Hurricane Katrina killed 1,300 people and forced 1.5 million from their homes. If GM declares bankruptcy, hundreds of thousands will lose their jobs, and many of them could lose their homes, too. Whether the risk at hand is a natural calamity or a corporate disaster, we see parallel lessons for those most responsible for avoiding the worst.

One problem is that executives rarely seek out probability estimates when making decisions that involve risk. One study found that less than a quarter of managers asked for likelihood estimates when undertaking risky decisions. When another group of managers was informed of the odds, less than 20 percent used the information.

Most executives tend to avoid thinking about low-probability events until after they occur. They fall into a trap of believing such events will not take place - at least, not on their watch. The implicit principle is "NIMTOF": Not in My Term of Office.

Most auto executives could hardly conceive of - let alone prepare for - a world in which oil was priced at $140 a barrel and auto sales plummeted 40 percent. Even if such shocking possibilities were considered, preparing for them would be left to future leaders - not today's executives, who feel daily pressure from short-term investors.

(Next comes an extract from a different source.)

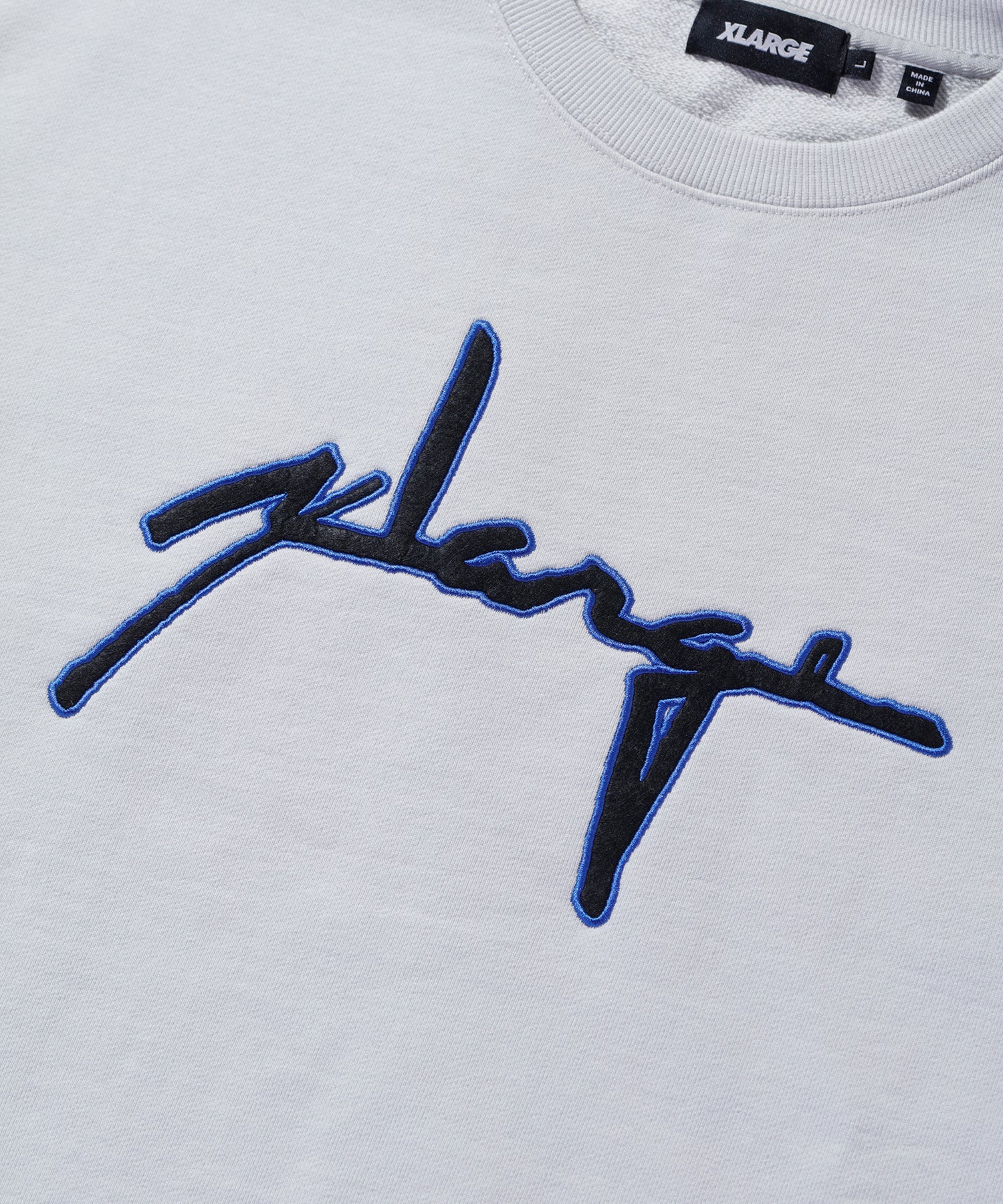 X-Large Distortion Logo felpa girocollo blu cotone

Myopia and its consequences have a long history in business. Prior to the 1984 Bhopal catastrophe in India, executives in the chemical industry deemed the chances of such an accident to be essentially zero.

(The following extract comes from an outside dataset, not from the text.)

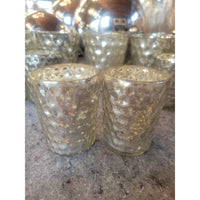 Pair of Small Hexagonal Mercury Glass Candle Holders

And even after the first terrorist attack on the World Trade Center, in 1993, insurers continued to include terrorism as an unnamed peril covered by their policies. That made insurers fully liable for the 2001 attack even though they hadn't received an extra penny for the coverage.

Individuals fall into the same traps of short-term thinking. Few residents of hazard-prone areas voluntarily purchase flood or earthquake insurance before a disaster. Only after a catastrophe do homeowners buy coverage. And they are likely to cancel their policies several years later if they don't experience another loss.

What steps can be taken to avoid such mistakes? The art of leadership is anticipating the unpredictable. Three ways of doing that apply to both natural and corporate catastrophes.

The first is mitigation. There would have been far less devastation in New Orleans if it had well-maintained levees and evacuation plans, if its hazard-prone areas had land-use management programs and well-enforced building codes, and if insurers were allowed to charge premiums that reflected risk. But short-term concerns ended up trumping long-term safeguards.

Likewise, if General Motors had trimmed its product lines, heightened fuel efficiency, and restored some of its reputation for quality before the bottom fell out of the market, we might be talking triage rather than bankruptcy for the company. But short-term greed trumped long-term gain.

The second remedy is management. Mindful of those abandoned in New Orleans after Katrina, officials in Houston and Galveston required residents to evacuate in advance of Hurricane Ike in September.

Mindful of GM's sharp descent from more than 45 percent to less than 25 percent of the American market, a new generation of executives might have restructured the company - much as Louis Gerstner remade IBM when its mainframe sales were in precipitous decline.

Third, consider governance. Good governance implies appointing forward-thinking directors with long-term perspective, who will guard against low-probability, high-consequence events.

The White House failed in its oversight of the pre-Katrina Federal Emergency Management Agency. The board of directors failed in its oversight of pre-crisis GM. It was up to the overseers in both cases to ensure that the executives they put in charge were savvy about the risks they faced and ready to respond.

Hurricane Katrina and General Motors remind us that we are likely to underpredict the next catastrophe, whether natural or man-made. We need to act now to anticipate such events, instead of just waiting for them to happen. And, above all, we need to remember that low risk is not the same as no risk.